▸ Record excerpts:
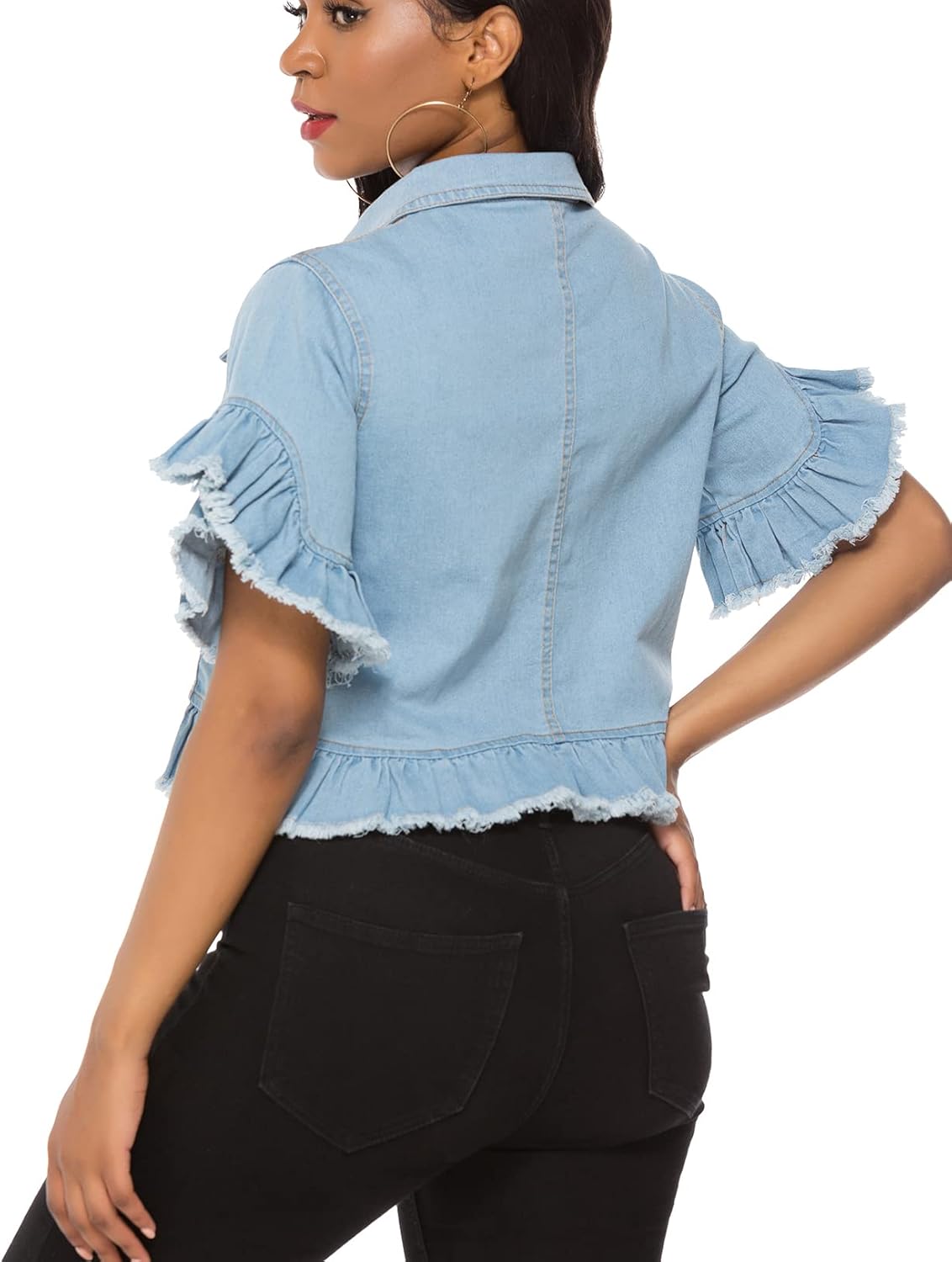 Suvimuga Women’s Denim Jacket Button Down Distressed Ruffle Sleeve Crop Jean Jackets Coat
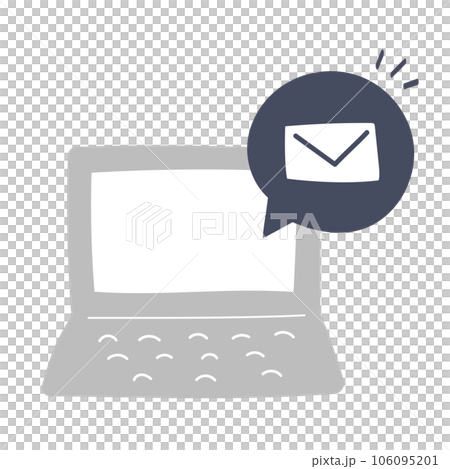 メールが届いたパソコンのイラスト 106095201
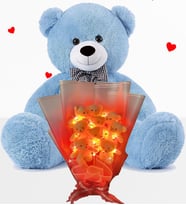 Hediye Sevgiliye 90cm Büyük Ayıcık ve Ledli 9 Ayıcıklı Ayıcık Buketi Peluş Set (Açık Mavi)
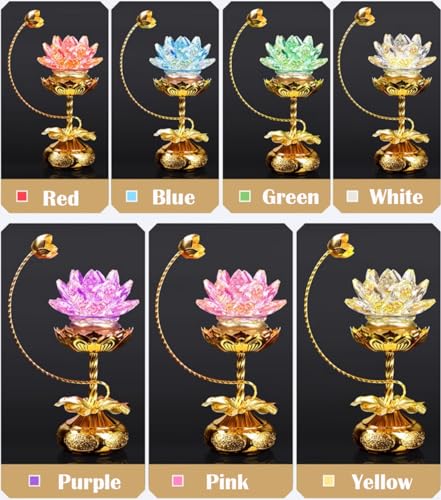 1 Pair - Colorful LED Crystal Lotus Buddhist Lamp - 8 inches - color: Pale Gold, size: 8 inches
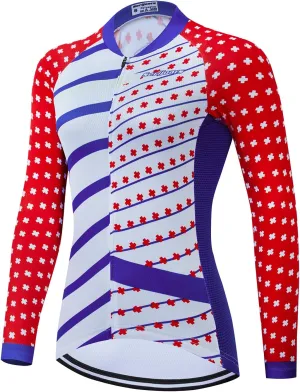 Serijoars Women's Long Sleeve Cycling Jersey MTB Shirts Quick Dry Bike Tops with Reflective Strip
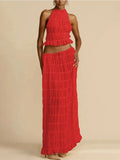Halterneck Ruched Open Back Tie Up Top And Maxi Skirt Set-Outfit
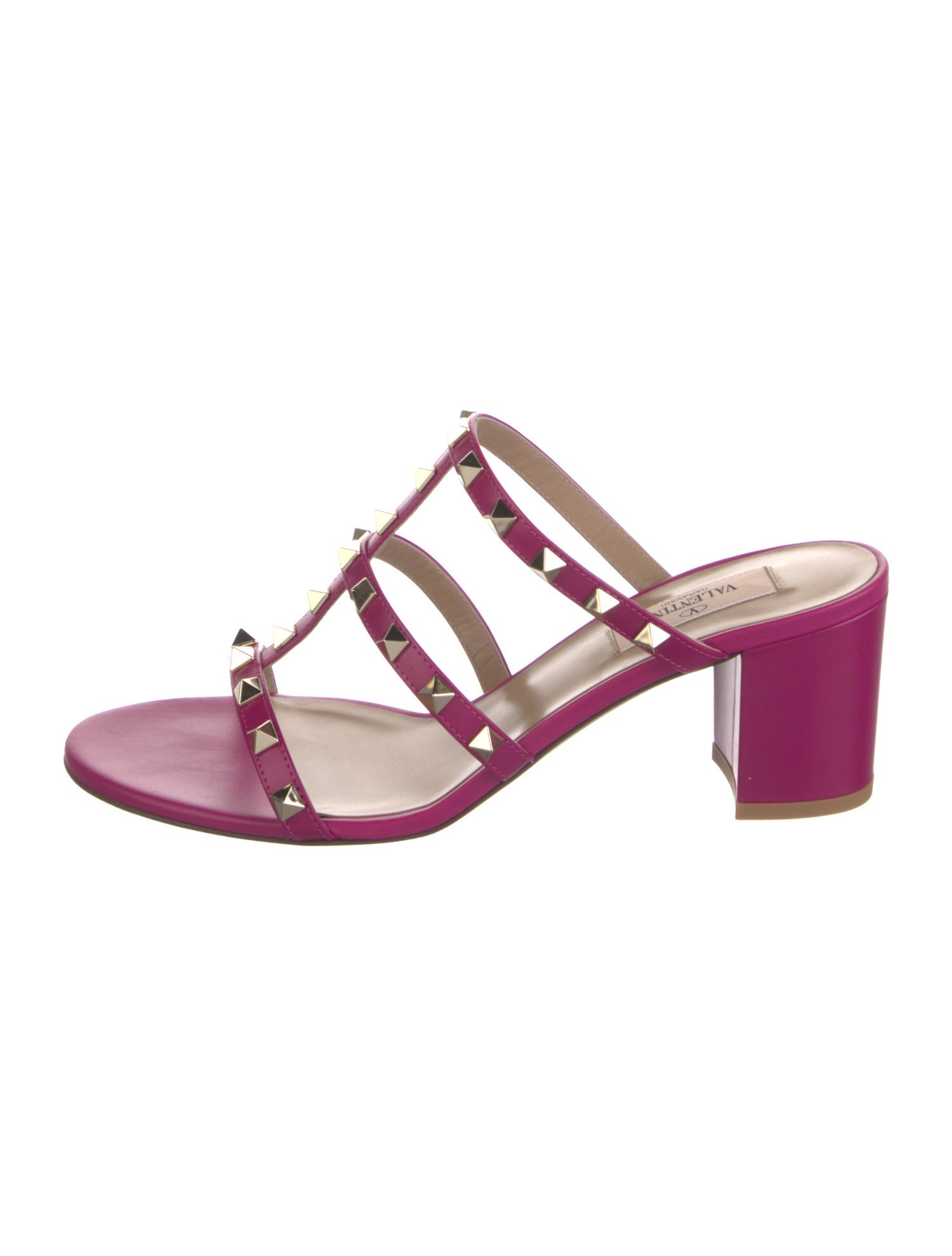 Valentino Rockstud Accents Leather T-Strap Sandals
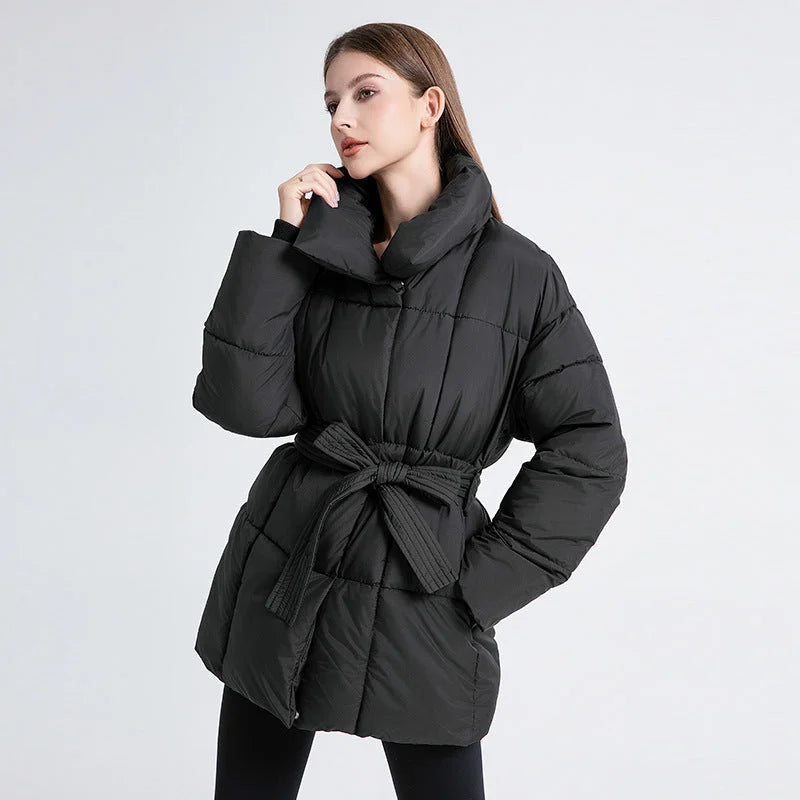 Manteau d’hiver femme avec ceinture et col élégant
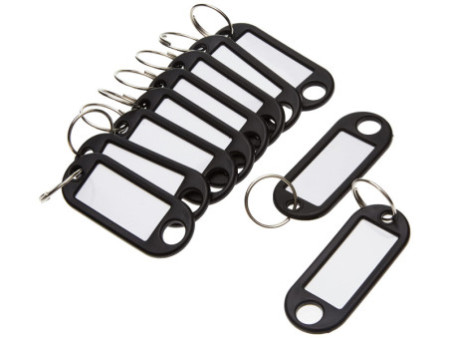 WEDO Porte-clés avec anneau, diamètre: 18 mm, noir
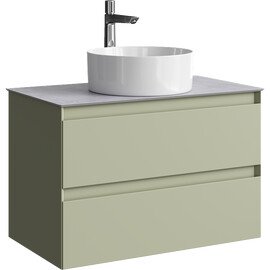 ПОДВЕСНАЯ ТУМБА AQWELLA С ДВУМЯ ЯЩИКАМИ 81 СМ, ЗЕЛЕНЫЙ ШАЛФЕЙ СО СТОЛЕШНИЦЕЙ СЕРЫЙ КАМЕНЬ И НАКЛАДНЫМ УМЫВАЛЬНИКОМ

---

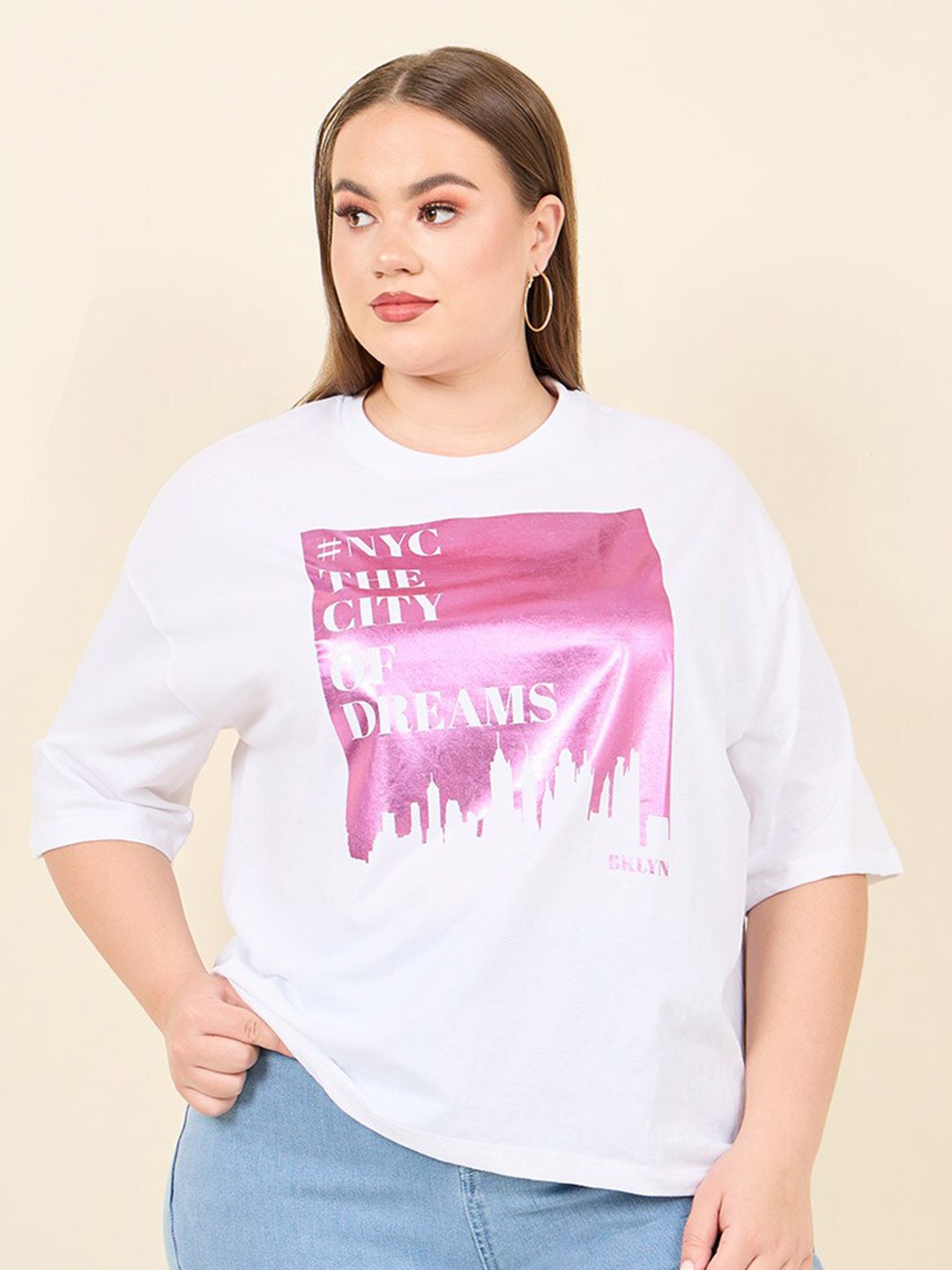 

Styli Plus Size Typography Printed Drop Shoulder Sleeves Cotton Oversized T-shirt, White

▸ Exercise brief: Everything from the line with "Suvimuga Women’s Denim" down to the line with "Hediye Sevgiliye 90cm" in the data above should be copied exactly, with both end lines kept and the pictures left out.

▸ Task solution:
 Suvimuga Women’s Denim Jacket Button Down Distressed Ruffle Sleeve Crop Jean Jackets Coat
 メールが届いたパソコンのイラスト 106095201
 Hediye Sevgiliye 90cm Büyük Ayıcık ve Ledli 9 Ayıcıklı Ayıcık Buketi Peluş Set (Açık Mavi)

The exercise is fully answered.